Would you please copy the part of the material below that opens with the line containing "One DRIVE knob" and closes with the line containing "Conservă pentru câini"? Copy it exactly, and only it.

______________________________

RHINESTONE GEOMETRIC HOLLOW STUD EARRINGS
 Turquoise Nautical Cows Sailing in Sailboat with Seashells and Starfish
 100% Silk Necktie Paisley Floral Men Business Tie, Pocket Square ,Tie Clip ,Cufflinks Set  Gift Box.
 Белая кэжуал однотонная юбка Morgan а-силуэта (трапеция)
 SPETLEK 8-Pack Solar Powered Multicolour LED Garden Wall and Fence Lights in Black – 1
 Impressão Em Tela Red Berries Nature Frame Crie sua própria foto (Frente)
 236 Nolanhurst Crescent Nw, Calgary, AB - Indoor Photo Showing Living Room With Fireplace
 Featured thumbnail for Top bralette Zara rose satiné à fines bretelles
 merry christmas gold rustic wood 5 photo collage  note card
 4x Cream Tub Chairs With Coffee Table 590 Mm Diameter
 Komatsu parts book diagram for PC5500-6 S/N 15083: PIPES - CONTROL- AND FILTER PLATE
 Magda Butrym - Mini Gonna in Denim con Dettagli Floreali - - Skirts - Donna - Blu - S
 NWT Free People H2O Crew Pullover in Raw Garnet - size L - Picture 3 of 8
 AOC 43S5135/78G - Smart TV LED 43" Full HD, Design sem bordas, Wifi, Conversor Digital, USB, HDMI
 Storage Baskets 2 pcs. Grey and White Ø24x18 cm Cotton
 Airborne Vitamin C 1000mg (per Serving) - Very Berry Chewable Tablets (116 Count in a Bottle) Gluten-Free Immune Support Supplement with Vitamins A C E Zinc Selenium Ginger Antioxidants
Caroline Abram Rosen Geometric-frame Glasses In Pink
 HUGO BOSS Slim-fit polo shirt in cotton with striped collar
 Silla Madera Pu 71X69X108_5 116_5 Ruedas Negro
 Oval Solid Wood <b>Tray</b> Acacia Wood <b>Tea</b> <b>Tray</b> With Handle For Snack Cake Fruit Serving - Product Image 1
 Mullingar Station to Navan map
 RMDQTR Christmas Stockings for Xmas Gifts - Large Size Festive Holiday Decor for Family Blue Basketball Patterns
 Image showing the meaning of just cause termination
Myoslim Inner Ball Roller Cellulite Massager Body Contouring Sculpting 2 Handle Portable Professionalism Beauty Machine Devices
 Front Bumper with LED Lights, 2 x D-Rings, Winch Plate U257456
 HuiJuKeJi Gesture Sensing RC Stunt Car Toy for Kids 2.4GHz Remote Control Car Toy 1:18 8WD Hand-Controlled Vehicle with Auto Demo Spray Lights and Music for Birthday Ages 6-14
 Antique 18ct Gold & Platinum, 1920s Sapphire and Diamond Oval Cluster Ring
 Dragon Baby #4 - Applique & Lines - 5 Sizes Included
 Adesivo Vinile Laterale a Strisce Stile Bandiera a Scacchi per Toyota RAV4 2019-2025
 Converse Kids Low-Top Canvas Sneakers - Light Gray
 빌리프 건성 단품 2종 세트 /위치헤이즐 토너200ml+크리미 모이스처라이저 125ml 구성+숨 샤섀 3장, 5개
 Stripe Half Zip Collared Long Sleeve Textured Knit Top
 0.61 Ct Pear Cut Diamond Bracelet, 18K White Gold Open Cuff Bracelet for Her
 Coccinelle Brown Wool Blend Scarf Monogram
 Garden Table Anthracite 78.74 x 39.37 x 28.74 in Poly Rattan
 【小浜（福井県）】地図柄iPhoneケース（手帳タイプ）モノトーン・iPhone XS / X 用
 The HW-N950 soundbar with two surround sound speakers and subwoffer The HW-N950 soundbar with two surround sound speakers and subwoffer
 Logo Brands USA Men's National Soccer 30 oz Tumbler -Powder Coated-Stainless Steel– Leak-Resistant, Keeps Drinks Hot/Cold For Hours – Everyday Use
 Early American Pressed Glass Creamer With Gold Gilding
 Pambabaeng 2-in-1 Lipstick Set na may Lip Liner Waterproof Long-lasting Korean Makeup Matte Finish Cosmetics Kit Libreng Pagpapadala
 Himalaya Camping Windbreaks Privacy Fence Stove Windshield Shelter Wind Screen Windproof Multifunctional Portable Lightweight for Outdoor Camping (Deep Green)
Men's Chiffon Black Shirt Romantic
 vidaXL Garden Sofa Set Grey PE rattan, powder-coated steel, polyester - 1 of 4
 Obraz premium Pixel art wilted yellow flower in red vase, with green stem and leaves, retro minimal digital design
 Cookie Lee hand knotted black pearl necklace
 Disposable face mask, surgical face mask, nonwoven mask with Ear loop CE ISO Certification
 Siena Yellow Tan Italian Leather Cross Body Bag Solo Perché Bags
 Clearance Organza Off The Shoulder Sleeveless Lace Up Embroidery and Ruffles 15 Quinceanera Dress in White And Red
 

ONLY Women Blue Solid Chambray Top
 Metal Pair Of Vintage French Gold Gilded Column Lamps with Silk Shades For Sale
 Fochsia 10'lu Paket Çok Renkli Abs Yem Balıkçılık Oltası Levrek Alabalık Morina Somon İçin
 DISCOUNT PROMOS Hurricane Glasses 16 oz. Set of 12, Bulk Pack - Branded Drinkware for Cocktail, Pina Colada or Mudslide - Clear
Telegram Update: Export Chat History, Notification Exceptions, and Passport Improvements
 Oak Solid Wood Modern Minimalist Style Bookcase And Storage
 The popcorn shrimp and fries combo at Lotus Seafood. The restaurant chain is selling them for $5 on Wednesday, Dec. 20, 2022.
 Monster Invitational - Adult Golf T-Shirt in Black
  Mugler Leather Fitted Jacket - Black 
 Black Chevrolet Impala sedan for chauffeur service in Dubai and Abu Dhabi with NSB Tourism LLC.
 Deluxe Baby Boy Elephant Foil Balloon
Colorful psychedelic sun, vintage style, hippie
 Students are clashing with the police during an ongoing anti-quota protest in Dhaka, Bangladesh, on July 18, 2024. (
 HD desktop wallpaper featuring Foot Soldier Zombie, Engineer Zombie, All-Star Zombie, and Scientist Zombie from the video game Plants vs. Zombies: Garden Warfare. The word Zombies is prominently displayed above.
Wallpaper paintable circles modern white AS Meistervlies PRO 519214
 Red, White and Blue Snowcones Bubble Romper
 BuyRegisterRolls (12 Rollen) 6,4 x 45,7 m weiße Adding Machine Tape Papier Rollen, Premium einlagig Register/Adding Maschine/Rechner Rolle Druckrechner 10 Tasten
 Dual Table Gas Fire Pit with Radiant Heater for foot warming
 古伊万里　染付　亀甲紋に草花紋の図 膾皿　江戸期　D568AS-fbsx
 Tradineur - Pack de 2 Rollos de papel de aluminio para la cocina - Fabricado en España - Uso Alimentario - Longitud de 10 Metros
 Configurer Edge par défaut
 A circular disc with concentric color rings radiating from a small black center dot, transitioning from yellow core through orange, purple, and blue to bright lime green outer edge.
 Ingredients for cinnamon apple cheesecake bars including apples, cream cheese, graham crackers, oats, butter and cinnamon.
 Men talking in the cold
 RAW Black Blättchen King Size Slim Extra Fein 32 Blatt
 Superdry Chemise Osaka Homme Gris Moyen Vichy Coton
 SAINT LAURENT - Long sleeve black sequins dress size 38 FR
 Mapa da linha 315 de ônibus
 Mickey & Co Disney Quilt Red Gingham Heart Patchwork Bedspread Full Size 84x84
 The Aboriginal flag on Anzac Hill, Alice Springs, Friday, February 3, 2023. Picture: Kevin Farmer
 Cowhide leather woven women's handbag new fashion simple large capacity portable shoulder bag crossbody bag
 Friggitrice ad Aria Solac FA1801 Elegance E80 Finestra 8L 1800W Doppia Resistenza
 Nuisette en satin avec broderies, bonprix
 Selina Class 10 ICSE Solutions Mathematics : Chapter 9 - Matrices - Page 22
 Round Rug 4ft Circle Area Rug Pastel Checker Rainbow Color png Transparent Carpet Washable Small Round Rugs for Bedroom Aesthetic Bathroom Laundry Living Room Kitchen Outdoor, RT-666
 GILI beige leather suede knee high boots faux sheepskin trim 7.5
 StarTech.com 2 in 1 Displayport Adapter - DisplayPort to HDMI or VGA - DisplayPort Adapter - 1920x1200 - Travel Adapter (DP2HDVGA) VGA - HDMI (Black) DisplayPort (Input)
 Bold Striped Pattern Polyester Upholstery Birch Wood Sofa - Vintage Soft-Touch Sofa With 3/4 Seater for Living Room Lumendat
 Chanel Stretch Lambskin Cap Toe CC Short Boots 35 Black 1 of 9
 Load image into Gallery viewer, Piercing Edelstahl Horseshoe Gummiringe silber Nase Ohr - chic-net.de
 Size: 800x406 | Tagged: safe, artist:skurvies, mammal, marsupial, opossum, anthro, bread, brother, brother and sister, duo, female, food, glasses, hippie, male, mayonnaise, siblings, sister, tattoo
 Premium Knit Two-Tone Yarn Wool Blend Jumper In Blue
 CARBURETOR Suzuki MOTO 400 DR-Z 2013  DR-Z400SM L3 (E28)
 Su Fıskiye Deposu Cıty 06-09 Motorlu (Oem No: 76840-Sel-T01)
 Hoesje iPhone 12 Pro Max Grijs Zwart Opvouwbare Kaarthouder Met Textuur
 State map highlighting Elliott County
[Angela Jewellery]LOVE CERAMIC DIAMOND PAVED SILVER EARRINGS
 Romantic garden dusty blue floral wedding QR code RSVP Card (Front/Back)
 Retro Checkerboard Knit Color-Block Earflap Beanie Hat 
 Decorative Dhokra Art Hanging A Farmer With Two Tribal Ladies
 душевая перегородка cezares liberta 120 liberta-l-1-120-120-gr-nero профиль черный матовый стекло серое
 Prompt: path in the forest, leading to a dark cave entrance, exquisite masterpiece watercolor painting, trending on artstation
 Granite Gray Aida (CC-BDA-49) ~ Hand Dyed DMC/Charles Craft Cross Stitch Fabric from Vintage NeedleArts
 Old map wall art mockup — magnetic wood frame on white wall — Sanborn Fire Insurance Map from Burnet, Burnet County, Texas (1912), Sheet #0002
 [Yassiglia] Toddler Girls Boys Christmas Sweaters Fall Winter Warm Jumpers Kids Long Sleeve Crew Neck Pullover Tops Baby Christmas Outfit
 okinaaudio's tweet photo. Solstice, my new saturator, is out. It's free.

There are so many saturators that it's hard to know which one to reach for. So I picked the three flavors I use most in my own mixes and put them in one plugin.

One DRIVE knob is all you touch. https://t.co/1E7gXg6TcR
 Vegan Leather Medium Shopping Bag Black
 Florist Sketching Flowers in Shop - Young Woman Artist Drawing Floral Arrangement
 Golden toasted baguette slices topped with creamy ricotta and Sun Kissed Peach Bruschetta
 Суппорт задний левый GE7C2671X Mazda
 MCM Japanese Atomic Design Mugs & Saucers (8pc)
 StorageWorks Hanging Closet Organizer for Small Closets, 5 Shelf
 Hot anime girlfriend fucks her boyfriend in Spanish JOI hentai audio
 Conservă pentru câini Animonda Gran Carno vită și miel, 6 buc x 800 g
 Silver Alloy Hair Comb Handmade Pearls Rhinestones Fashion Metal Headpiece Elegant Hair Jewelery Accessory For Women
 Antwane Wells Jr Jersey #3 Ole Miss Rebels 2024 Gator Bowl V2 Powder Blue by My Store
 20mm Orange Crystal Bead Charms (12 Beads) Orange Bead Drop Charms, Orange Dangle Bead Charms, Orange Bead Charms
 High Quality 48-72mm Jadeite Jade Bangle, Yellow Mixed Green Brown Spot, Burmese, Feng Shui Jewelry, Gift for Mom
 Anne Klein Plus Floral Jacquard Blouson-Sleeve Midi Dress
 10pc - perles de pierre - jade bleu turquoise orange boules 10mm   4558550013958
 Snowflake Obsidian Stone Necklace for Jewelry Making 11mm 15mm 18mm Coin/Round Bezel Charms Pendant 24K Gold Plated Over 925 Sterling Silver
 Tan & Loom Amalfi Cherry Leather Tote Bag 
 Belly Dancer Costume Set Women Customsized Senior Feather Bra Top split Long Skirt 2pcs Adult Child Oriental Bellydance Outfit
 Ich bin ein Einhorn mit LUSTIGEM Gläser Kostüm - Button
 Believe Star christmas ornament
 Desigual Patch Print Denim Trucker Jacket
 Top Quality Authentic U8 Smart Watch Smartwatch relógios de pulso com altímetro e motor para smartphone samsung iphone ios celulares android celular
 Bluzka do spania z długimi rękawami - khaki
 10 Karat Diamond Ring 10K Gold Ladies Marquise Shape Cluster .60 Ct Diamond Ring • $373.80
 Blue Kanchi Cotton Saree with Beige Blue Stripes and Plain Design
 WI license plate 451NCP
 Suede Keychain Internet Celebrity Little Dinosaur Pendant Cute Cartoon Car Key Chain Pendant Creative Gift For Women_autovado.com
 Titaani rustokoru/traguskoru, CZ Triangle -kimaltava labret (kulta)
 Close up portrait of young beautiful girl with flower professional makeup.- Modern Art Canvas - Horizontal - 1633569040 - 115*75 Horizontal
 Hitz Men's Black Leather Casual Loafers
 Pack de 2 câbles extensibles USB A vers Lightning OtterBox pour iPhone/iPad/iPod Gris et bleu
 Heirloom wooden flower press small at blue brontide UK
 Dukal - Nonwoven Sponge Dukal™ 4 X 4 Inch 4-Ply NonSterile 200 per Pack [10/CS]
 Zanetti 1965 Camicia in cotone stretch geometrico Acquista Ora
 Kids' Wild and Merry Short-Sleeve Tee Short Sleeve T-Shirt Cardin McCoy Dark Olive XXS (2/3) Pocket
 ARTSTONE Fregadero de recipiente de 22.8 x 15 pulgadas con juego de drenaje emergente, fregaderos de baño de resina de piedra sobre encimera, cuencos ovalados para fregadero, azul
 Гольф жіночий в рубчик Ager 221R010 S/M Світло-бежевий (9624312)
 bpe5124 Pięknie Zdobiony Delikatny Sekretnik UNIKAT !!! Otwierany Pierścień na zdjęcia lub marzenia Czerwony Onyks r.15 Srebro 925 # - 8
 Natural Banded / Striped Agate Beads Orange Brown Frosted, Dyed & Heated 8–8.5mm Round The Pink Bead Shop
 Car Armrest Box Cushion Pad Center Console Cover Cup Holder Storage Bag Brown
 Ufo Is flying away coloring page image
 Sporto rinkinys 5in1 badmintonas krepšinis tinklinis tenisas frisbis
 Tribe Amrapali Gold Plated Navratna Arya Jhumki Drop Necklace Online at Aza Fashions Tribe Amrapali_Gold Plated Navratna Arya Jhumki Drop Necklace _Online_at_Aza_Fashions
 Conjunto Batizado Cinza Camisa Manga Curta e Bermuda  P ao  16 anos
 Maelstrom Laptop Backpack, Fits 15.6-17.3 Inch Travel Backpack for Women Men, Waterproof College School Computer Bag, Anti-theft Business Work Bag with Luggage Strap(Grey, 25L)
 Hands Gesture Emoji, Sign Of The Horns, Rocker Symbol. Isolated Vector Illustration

______________________________

_Answer below_.
One DRIVE knob is all you touch. https://t.co/1E7gXg6TcR
 Vegan Leather Medium Shopping Bag Black
 Florist Sketching Flowers in Shop - Young Woman Artist Drawing Floral Arrangement
 Golden toasted baguette slices topped with creamy ricotta and Sun Kissed Peach Bruschetta
 Суппорт задний левый GE7C2671X Mazda
 MCM Japanese Atomic Design Mugs & Saucers (8pc)
 StorageWorks Hanging Closet Organizer for Small Closets, 5 Shelf
 Hot anime girlfriend fucks her boyfriend in Spanish JOI hentai audio
 Conservă pentru câini Animonda Gran Carno vită și miel, 6 buc x 800 g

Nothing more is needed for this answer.